Department of Environmental Science, Policy and Management
Recipient, Faculty Award for Outstanding Mentorship of GSIs

Background of the Award
Statement of Mentoring Philosophy

Background of the Award

Each spring graduate students are invited to nominate faculty members for the Faculty Award for Outstanding Mentorship of GSIs. Typically each nomination is supported by several GSIs who have worked with the honoree. The award is sponsored by the Graduate Council’s Advisory Committee for GSI Affairs and the GSI Teaching & Resource Center. Garrison Sposito received the award in 2010.

Garrison Sposito’s Statement of Mentoring Philosophy

My work with GSIs derives almost entirely from the course I teach each fall with English Professor Robert Hass, “Introduction to Environmental Studies.” This course, necessarily integrative, has the pedagogical goal of educating students to function effectively as ecological citizens. This goal, in turn, necessarily implies a broad set of skills and topics to be taught, including both scientific and literary analysis, ecology and ecosystem function, nature writing, global change dynamics, and environmental ethics and policy, all of which must be presented seamlessly at a level suitable for lower-division students, many of whom have not yet declared a major. The challenges for a GSI in this course are daunting: two weekly 90-minute discussion sections enrolling up to 25 students each, with responsibility for both the content and format of these sections — which must be developed consistently with the course syllabus — plus in-depth preparation of the students for their midterms and the final examination, not to mention guidance to the students in writing the biweekly essays we require and in keeping a semester-long Environmental Journal. It is in this very demanding context that GSI mentoring must take place.

Bob Hass and I meet at the beginning of each week with our GSIs to talk over how the sections have gone in the previous week and what the coming week will bring in lecture. Our perspectives, his and mine, are necessarily different, one deeply imbued in the humanist tradition and the other just as deeply committed to the scientific approach, but out of our weekly conversations with the GSIs there has to come a holistic sense on their part of what the course is trying to do and, most importantly, what they can do to implement what the course is trying to do. For my part, I am most fortunate to be co-teaching with someone who supremely exemplifies what it means to be a human being on Earth at this time, and in a very palpable sense my mentoring of the GSIs in our class is an apposite response to the living example he sets.

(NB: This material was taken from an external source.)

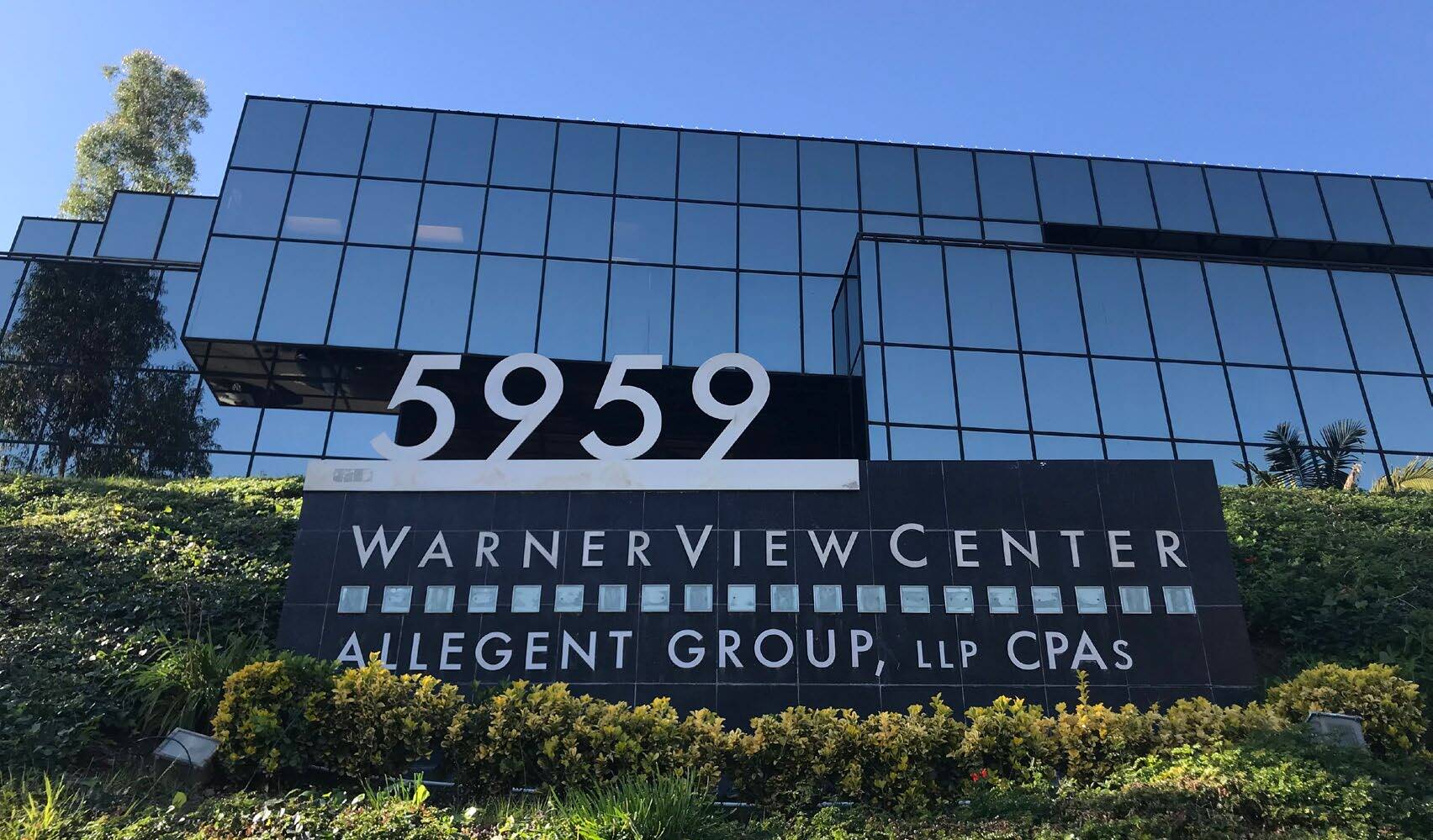 5959 Topanga Canyon Blvd, Woodland Hills, CA à louer Photo du bâtiment- Image 1 de 9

So in practical terms, what does this entail? As Woody Allen famously said, “Eighty percent of success is showing up for work on time,” and this translates in the present context to working continuously with our GSIs to ensure that they have the resources they need to do their job when they need them, where they need them. It means also that one is at their side immediately offering help whenever issues arise that would keep them from doing their very best, anything from room-scheduling logistics to recalcitrant students (and sometimes there are recalcitrant students!). It means as well more subtle things like encouraging them to take pedagogical risks in teaching their sections and being there to help fix it if a problem arises from taking those risks. And it means supporting the notion that, at the end of the day, no one will know our students better than they do, their goals for the course, their limitations, their talents, and so no one is better equipped to evaluate their progress in a holistic way. In all, perhaps the best way to bring closure to these matters is in the words of my own mentor from a very long time ago, Manuel C. Díaz. He called me into his office after seeing clear evidence one day in class that I was on my way to perdition academically and then proceeded to turn my life around with these four words: You can do it. Yes, “you can do it.” Never underestimate the power of timely praise.

A few years ago I attended a seminar on campus in Chemistry for which the featured speaker was a fellow from Northwestern whose book on fluid mixing I had found very useful in my own research. But, before he was introduced, some students got up to present a teaching award to a GSI. The student presenter began by asking how many people in the audience could name the person (or persons) who had received the Nobel Prize in Chemistry four years earlier. A few — a very few — hands went up. Then he asked, “How many of you can remember the name of your fourth grade teacher?” and a forest of hands went up — just about everyone there, it seems, could remember her/his fourth grade teacher’s name (mine was Miss Eva Carper). The message from that experience has stuck with me ever since: Research projects may come and go, but the influence of our good teachers lasts forever.